Gen Al Shammari was sent to Nasiriyah to restore order after the Iranian consulate in the city of Najaf was set on fire on Wednesday.
He was recalled to Baghdad the next day as the death toll rose, but his removal is not enough for local tribal leaders.
“Four days ago, there were many injured and many martyred because of the armed forces that were here,” Sheikh Al Tama said.
“A military leader came and now he has been arrested because the blood of the martyrs and injured are all on the hands of Jamil Al Shammari.”
Sheikh Rumayad said: “We demand a civil trial of Jamil Al Shammari."
The general is well known in the south of Iraq, having led a crackdown on protests in the coastal city of Basra in 2018 that killed dozens.
In response to the violence, then prime minister Haider Al Abadi's office announced that the general was being transferred to Baghdad to take up a post as president of the Defence University for Military Studies.
Gen Al Shammari is the highest-ranking member of the security forces to face legal action for the response to protests, which has killed hundreds and wounded thousands.
Meanwhile, a court in Kut, 170 kilometres south-east of Baghdad, sentenced a police major to death by hanging and a lieutenant colonel to seven years in prison for their roles in the deaths of protesters in the city on November 2.

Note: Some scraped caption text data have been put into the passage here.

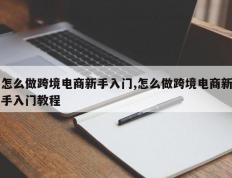 怎么做跨境电商新手入门,怎么做跨境电商新手入门教程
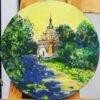 Картина "Лесная" фанера/акрил, размер 29*29 круг Купить авторскую картину церковь акриловыми красками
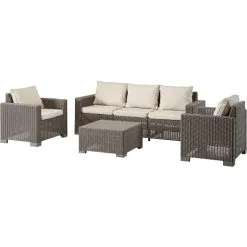 Keter California Loungesæt, 3 Pers. Sofa - Cappuccino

Protesters in Nasiriyah who spoke to The National welcomed the intervention of the clans.
“The tribes have a pivotal role in Nasiriyah," one protester said. "We are a tribal society. There is no one who does not need his tribe.
“The tribes have a key role, a heroic presence. They always have but yesterday they proved their words and their presence protected the blood [of protesters].”
Muqtada Jabar, 28, stood in the centre of the demonstrations in Nasiriyah’s Haboubiya Square, surrounded by a colourful array of tribal flags.
He was grateful that the tribes had come to the protests, but said they should have arrived earlier.
“If they had been here from the first and second day of the protests, there would not have been the bloodshed that we see today," Mr Jabar said. "They were very late, I’m sorry to say."
He said he lost friends in the violence last Thursday, including Mostafa Abdul Sada, 22, who was killed with others when security forces stormed the city’s Zeytouna Bridge.
“His tribe has lost five members as of now, all of Nasiriyah tribes have victims,” said Mr Jabar. “All of those who have lost blood demand their dignity.”